長いため息をつきながら、宿のベッドに倒れこんだ。
僕は何時の間にかアーグラ行きの単独ツアーに参加することになっていた。運転手1名とボロの乗用車付き、バラナシ行きの列車のチケットを含めた総額は170ドル。かなり値切ったとはいえ、インドの物価からすればかなり高い料金のような気がする。
でも、もうどうでもよかった。
その後、デリーを一通り見て分かったことは、やはり全てがウソだった、ということだ。つまり安宿街が閉鎖されているのもウソだし、駅のツーリストオフィスが閉まっているのもウソ。ついては、安宿街で下手な猿芝居をうって運ちゃんを殴ったインド人も、彼に殴られた運ちゃんも、その運ちゃんとグルになっていた宿の主人も一連の繋がりがあった訳で、さらにはパキスタンテロが云々とほざいた運ちゃんも、ケンカの仲裁をしてくれたインド人も皆全て僕を騙していたということだ。
なんてクソったれじみた国なんだろう。
「帰国するか……」
ふとそんな考えが頭をもたげる。しかし、帰国便は日時の確定されたフィックスチケットで、嫌でも45日間は帰国できない。仕方ない、今持っているチケットを破棄して、新たに買い直そうか。
と、何時の間にか帰国することを真剣に考えている自分、に気がつき驚いた。今までどんな国に行こうが、どんなに長期滞在しようが「ホームシック」というヤツにかかったことは一度たりともなかったのだ。それがどうしたことか。このザマは何だ。
そうこう考えているうちに涙がこぼれてきた。何の涙なのかは分からない。人を信用できない辛さや、自分へ対する不甲斐なさ、孤独感、閉塞感、不信感、ありとあらゆるマイナス要因がわずか一日の間に積もり積もって、それが一度に押し寄せてきたのかもしれない。
畜生、と呟き、ベッドマットをぶん殴るとギイッと間抜な音がした。


午前7時。
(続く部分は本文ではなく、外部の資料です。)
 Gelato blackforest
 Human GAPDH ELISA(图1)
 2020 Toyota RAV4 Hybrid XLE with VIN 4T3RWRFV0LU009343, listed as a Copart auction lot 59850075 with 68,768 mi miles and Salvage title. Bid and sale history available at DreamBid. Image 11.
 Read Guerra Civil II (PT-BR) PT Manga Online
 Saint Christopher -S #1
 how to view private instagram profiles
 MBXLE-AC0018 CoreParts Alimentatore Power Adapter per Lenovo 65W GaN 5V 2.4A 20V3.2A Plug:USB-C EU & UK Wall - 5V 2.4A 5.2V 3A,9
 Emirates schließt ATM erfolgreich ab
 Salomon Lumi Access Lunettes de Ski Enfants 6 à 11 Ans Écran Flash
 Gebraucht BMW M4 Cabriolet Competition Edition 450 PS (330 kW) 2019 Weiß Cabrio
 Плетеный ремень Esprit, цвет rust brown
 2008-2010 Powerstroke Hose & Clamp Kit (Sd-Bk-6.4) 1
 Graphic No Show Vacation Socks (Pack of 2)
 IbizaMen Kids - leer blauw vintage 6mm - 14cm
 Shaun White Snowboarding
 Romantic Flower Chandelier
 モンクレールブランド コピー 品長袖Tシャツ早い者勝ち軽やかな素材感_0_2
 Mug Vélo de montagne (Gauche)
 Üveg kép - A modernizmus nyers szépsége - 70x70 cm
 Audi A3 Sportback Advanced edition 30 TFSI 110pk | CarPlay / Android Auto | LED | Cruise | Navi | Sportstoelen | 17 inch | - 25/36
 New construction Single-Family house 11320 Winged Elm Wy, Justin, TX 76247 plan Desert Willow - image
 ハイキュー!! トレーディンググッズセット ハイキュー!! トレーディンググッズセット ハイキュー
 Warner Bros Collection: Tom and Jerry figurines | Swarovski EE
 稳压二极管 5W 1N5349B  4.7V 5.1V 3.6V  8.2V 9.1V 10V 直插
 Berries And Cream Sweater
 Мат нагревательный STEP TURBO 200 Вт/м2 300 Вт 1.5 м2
チェックアウトしようとしたところ、
「じゃあ、3500ルピーを貰おうか」
と、宿の主人は表情を変えずに告げた。昨日聞いた宿泊料は1500ルピーのはずだったが、倍額以上に膨れ上がっている。内訳を聞けば、税金、サービス料、二日分の宿泊代の総額だという。
「ちょっと待てよ。一日しか泊まってないだろ」
僕が文句を言うと、
「いや、正確には26時間泊まっている。だから、二日分だな」
「昨日、聞いた時には、この宿は24時間の料金制を取ってない、とお前言ったじゃないか」
「そんなことは知らないね」
「……警察署はどこだ?」
「構わんよ。電話を貸してやるぜ」
「………」
「俺は警察とは仲良しでね。それと今から友達のゴロツキ連中が遊びに来るんだが、良かったら一緒に遊ぶか」
このような国では警官と悪党が結託しているのはよくある話だ。結局、僕は素直に全額を支払った。
 
宿の外では、昨日旅行社で雇った運転手が煙草を吹かして待っていた。名前はムジャというらしい。見かけは人の良さそうなオッサンだけども、油断はできない。
「どうした、随分時間がかかったな」
宿でのやり取りのせいで、随分と待たせてしまったようだ。僕はそのことについて詫びた。ムジャの運転する車に乗り込むと、車はバックミラーがついていなかった。冷房も当然ないのだろう。インドの神様『シヴァ神』の人形がダッシュボードの上で呑気に揺れていた。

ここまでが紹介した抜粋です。